The Magical Meta Robots Tag

{Update: Google’s John Mueller replied to my question on Twitter about this situation. You can read John’s feedback here.}

{Update 10/27/18: My client’s dev team figured out the problem and I provided more information about that below.}

I’ve been helping a client with a large-scale CMS migration recently and came across a very interesting, and potentially scary, situation. It’s a large and complex site with many moving parts, so there is a lot to process (both figuratively and literally).

The site has over one million pages indexed, and many more that get crawled based on the proper use of noindex in certain areas of the site. That was a big change for the site when I first started helping them a few years ago (after they got pummeled by a major algorithm update). Therefore, I’m always making sure those areas of the site are handled properly (as changes and updates go live on the site).
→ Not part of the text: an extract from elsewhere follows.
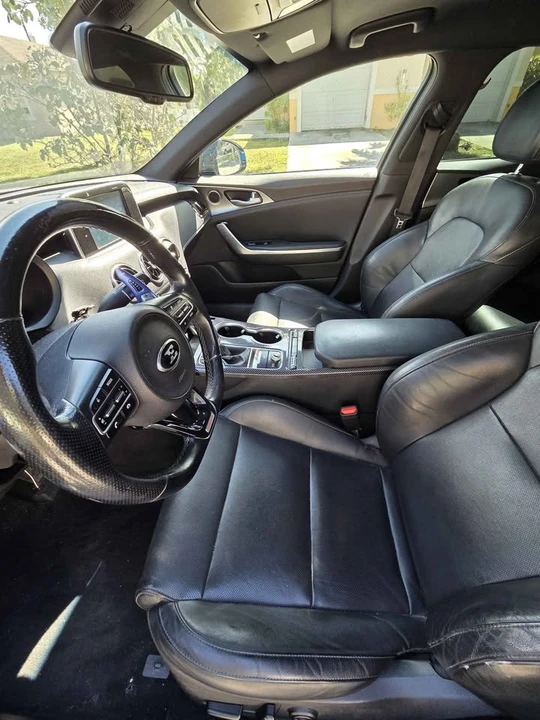 2018 Kia Stinger GT - Image 11 of 15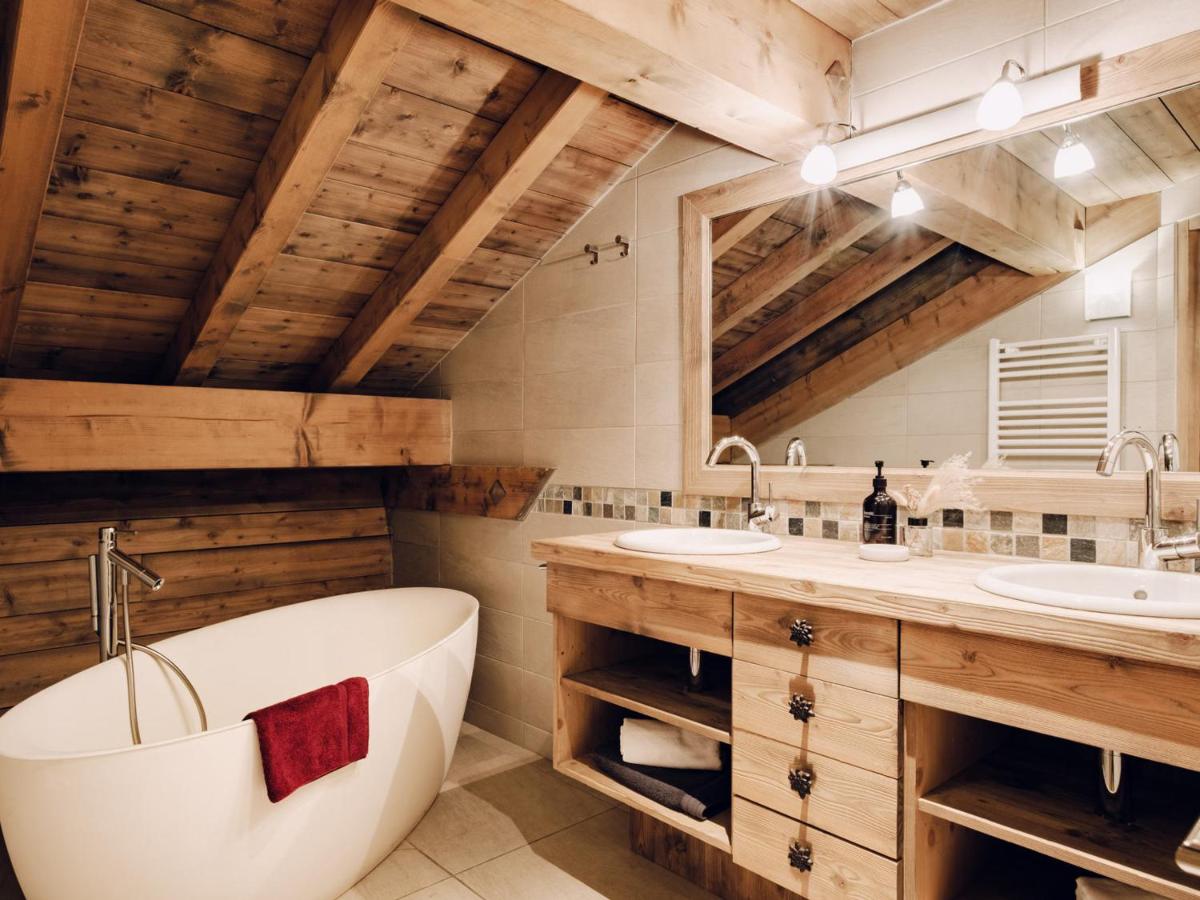 Chalet pour 8 avec cheminée, proche des pistes, WiFi, garage, non fumeur - FR-1-304-110 - Housity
And now that a CMS migration was under way, I made sure to check on those areas of the site to make sure all was ok. It ends up they were ok… but they sort of weren’t either. Confused? Then read on.

The Magic Show Begins – Typical checks after a CMS migration
As I started crawling and checking the site after the migration went live, I noticed something very strange. The number of noindexed pages during my crawls was sometimes lower than what I expected. And while manually checking those pages, I noticed that my trusty AYIMA plugin sometimes went red (indicating the page was not indexable), but sometimes it didn’t. I found that odd and began to dig in further. Note, other plugins like the DeepCrawl indexability plugin also showed those urls were indexable. Again, strange…

Static HTML Correct, Rendered HTML Not So Much…
When checking the areas of the site I mentioned earlier, and digging into the source code (the static html), I noticed that the meta robots tag was in the proper place and contained the correct directives. For example, it was placed in the head of the document and contained “noindex, follow”.

But we know that Google renders the page and that rendered html can be different than the static html. For example, JavaScript-based content will be rendered and can be indexed by Google. So, I started to check the rendered html via a number of tools like Google’s mobile-friendly test, the rich results testing tool, Chrome Dev Tools (using inspect element), and then various crawling tools like DeepCrawl, Screaming Frog, and Sitebulb. They have the ability to render the page, revealing what the final rendered html would reveal.

Note, the rich results testing tool will render the page via Googlebot desktop, while the mobile-friendly testing tool will render the page as Googlebot for Smartphones. Chrome Dev Tools will show you the rendered html via “inspect element” and then crawling tools like Screaming Frog, Sitebulb, and DeepCrawl have options for crawling with JavaScript rendering on. Therefore, it’s good to test across all of the tools to see what the results are across both mobile and desktop.

Render JavaScript option in Screaming Frog (first image) and then DeepCrawl (second image):

Wait, what just happened?
When I checked the rendered html across those tools, I witnessed the magically moving meta robots tag. The robots tag, and some other head elements, were now in the body of the document and not the head. I had to double and triple check this to make sure I was seeing it properly.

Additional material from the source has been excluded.